Мы не знаем. Мы не знаем и никогда не будем знать наверняка, что на самом деле происходит в этом рассказе: то ли он о том, что человек говорит с людьми, то ли о том, что обезьяна говорит с обезьянами, то ли о том, что обезьяна говорит с людьми, то ли о том, что человек говорит с обезьянами (хотя последнее мне кажется маловероятным), или даже о том, что попугай говорит с попугаями.

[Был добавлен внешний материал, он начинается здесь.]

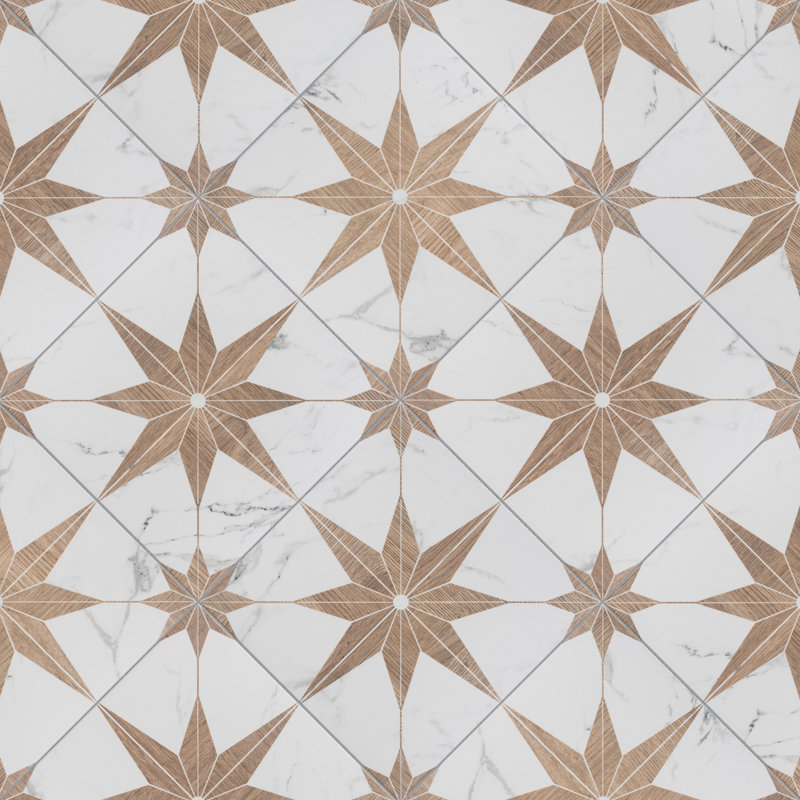 Llama Stella Loire 10" x 10" Porcelain Marble Look Wall & Floor Tile, Noce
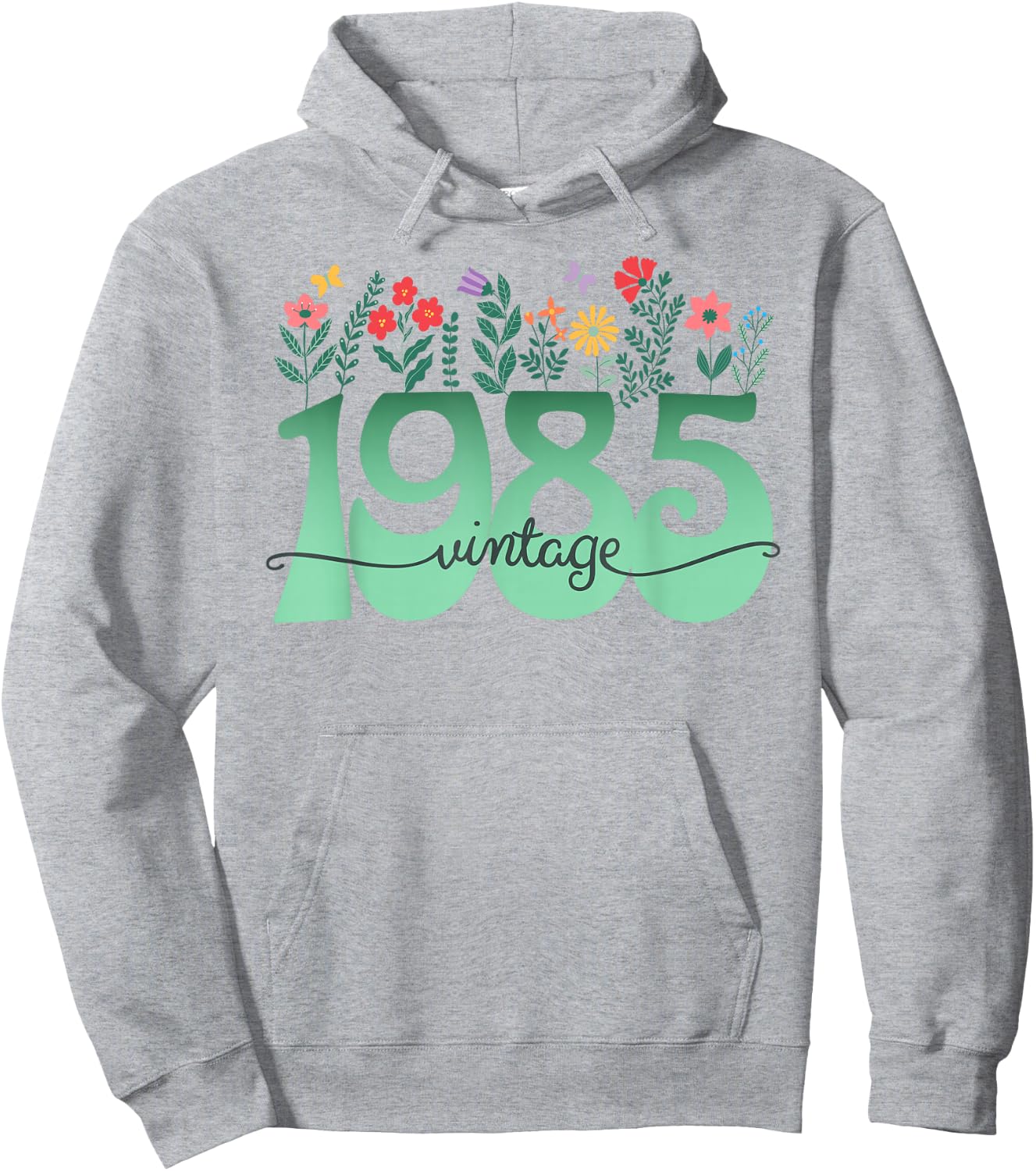 Floral Girl 1985 Birthday 40 Years Woman Hoodie - Hoodie | Ash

Прежде были времена, когда мы знали. Тогда мы верили, что если в тексте говорилось: «На столе стоял стакан с водой», то и на самом деле существовали стол и стакан воды на нем, и нам оставалось только посмотреть в словесное зеркало текста, чтобы их увидеть.
Но с этим покончено. Словесное зеркало разбито, и его, кажется, невозможно восстановить. Ваша догадка касательно того, что происходит в аудитории, ничуть не хуже моей: люди и люди, люди и обезьяны, обезьяны и люди, обезьяны и обезьяны. А сама аудитория, возможно, не что иное, как зоопарк. Слова более не будут подниматься со страницы, чтобы их заметили, и заявлять: «Я означаю то, что означаю!» Словарь, который прежде стоял рядом с Библией и работами Шекспира над камином, на такой же полке, на какой в благочестивых римских домах содержались боги, превратился всего лишь в одну из многих книг кодов.